Will prevent any content from the domains listed in Steven Black's Unified Hosts file (ads & malware) from being captured by the crawler.

User Agent

Sets the browser's user agent in outgoing requests to the specified value. If left blank, the crawler will use the Brave browser's default user agent. For a list of common user agents see useragents.me.

Using custom user agents to get around restrictions

Despite being against best practices, some websites will block specific browsers based on their user agent: a string of text that browsers send web servers to identify what type of browser or operating system is requesting content. If Brave is blocked, using a user agent string of a different browser (such as Chrome or Firefox) may be sufficient to convince the website that a different browser is being used.

User agents can also be used to voluntarily identify your crawling activity, which can be useful when working with a website's owners to ensure crawls can be completed successfully. We recommend using a user agent string similar to the following, replacing the orgname and URL comment with your own:

Mozilla/5.0 (X11; Linux x86_64) AppleWebKit/537.36 (KHTML, like Gecko) Chrome/125.0.0.0 Safari/537.3 orgname.browsertrix (+https://example.com/crawling-explination-page)

If you have no webpage to identify your organization or statement about your crawling activities available as a link, omit the bracketed comment section at the end entirely.

This string must be provided to the website's owner so they can allowlist Browsertrix to prevent it from being blocked.

Language

Sets the browser's language setting. Useful for crawling websites that detect the browser's language setting and serve content accordingly.

Scheduling

Automatically start crawls periodically on a daily, weekly, or monthly schedule.

Tip: Scheduling crawl workflows with logged-in browser profiles

Some websites will log users out after a set period of time. When crawling with a custom browser profile that is logged into a website, we recommend checking the profile before crawling to ensure it is still logged in.
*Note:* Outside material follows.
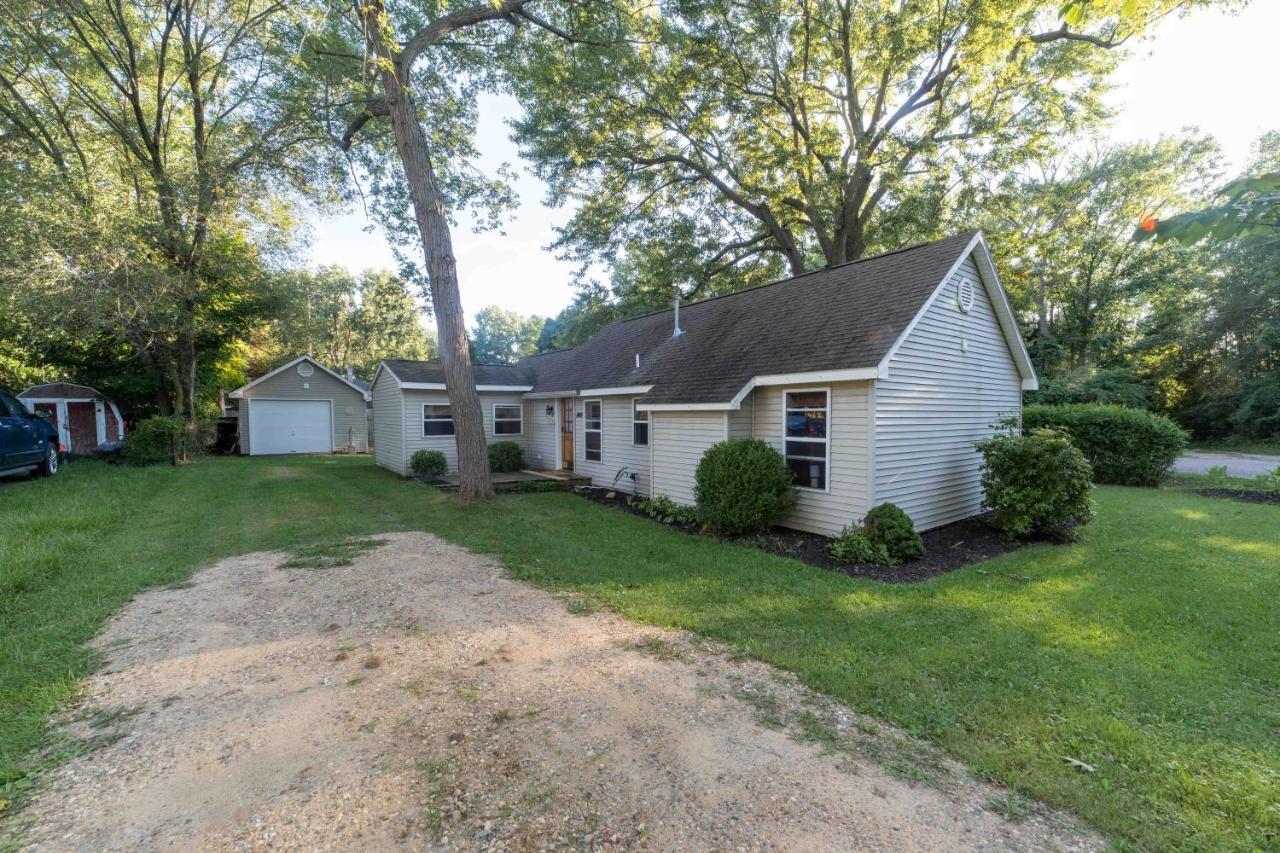 The Charming Glenn Cottage! Walk To Lake Michigan! Fennville المظهر الخارجي الصورة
This can cause issues with scheduled crawl workflows — which will run even if the selected browser profile has been logged out.

Crawl Schedule Type

Run Immediately on Save
When selected, the crawl will run immediately as configured. It will not run again unless manually instructed.
Run on a Recurring Basis
When selected, additional configuration options for instructing the system when to run the crawl will be shown. If a crawl is already running when the schedule is set to activate it, the scheduled crawl will not run.
No Schedule
When selected, the configuration options that have been set will be saved but the system will not do anything with them unless manually instructed.

Frequency

Set how often a scheduled crawl will run.

Day

Sets the day of the week for which crawls scheduled with a Weekly Frequency will run.

Date

Sets the date of the month for which crawls scheduled with a Monthly Frequency will run.

Start Time

Sets the time that the scheduled crawl will start according to your current timezone.
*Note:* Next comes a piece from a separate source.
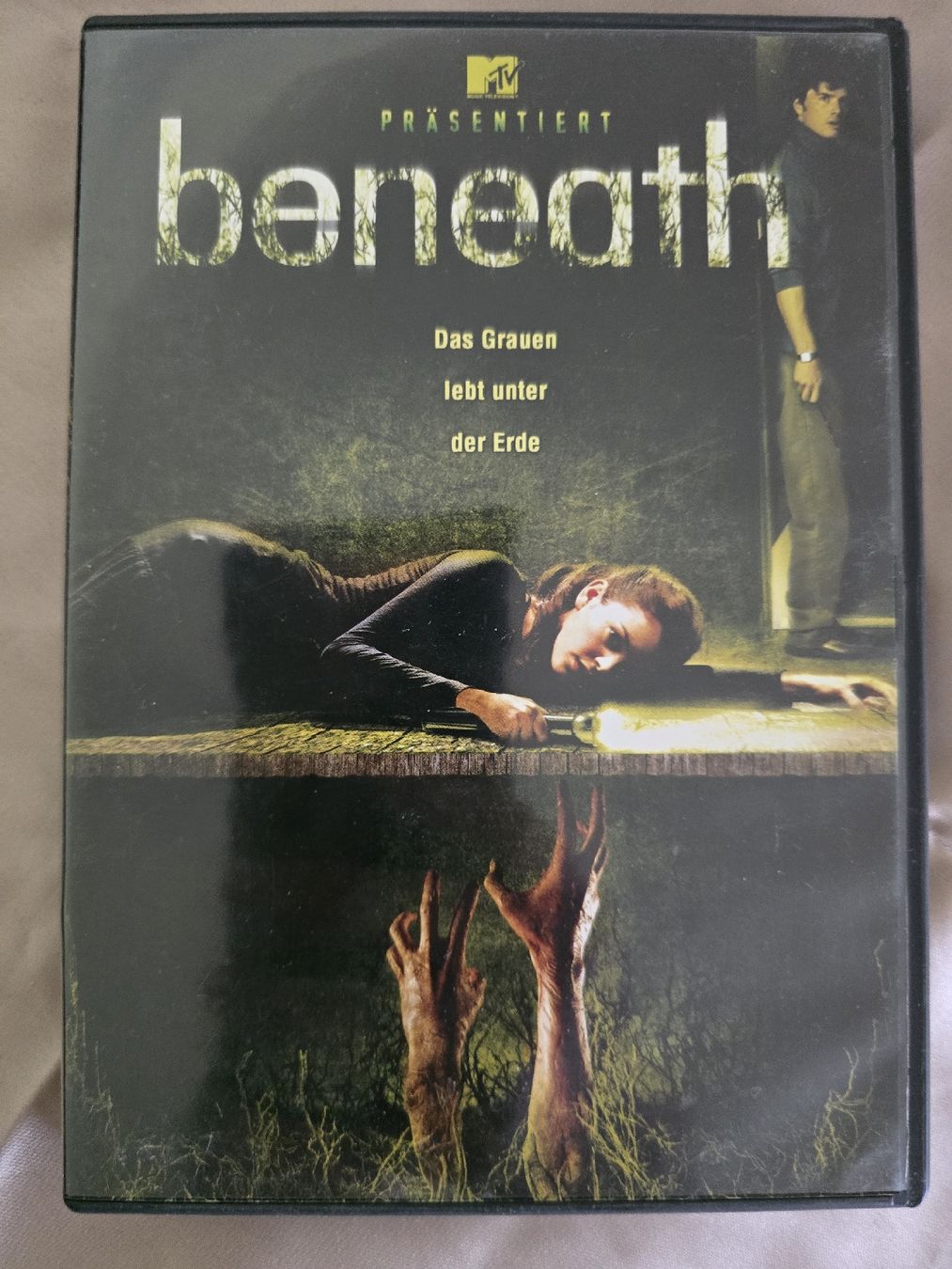 Alle DVDs: DVD - beneath – Gebraucht aus Zug von nic_wlj8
Also Run a Crawl Immediately On Save

When enabled, a crawl will run immediately on save as if the Run Immediately on Save Crawl Schedule Type was selected, in addition to scheduling a crawl to run according to the above settings.

Metadata

Describe and organize your crawl workflow and the resulting archived items.

Name

Allows a custom name to be set for the workflow. If no name is set, the workflow's name will be set to the Crawl Start URL. For Page List crawls, the workflow's name will be set to the first URL present in the Crawl URL(s) field, with an added (+x) where x represents the total number of URLs in the list.

Description

Leave optional notes about the workflow's configuration.

Tags

Apply tags to the workflow. Tags applied to the workflow will propagate to every crawl created with it at the time of crawl creation.

Collection Auto-Add

Search for and specify collections that this crawl workflow should automatically add archived items to as soon as crawling finishes. Canceled and Failed crawls will not be added to collections.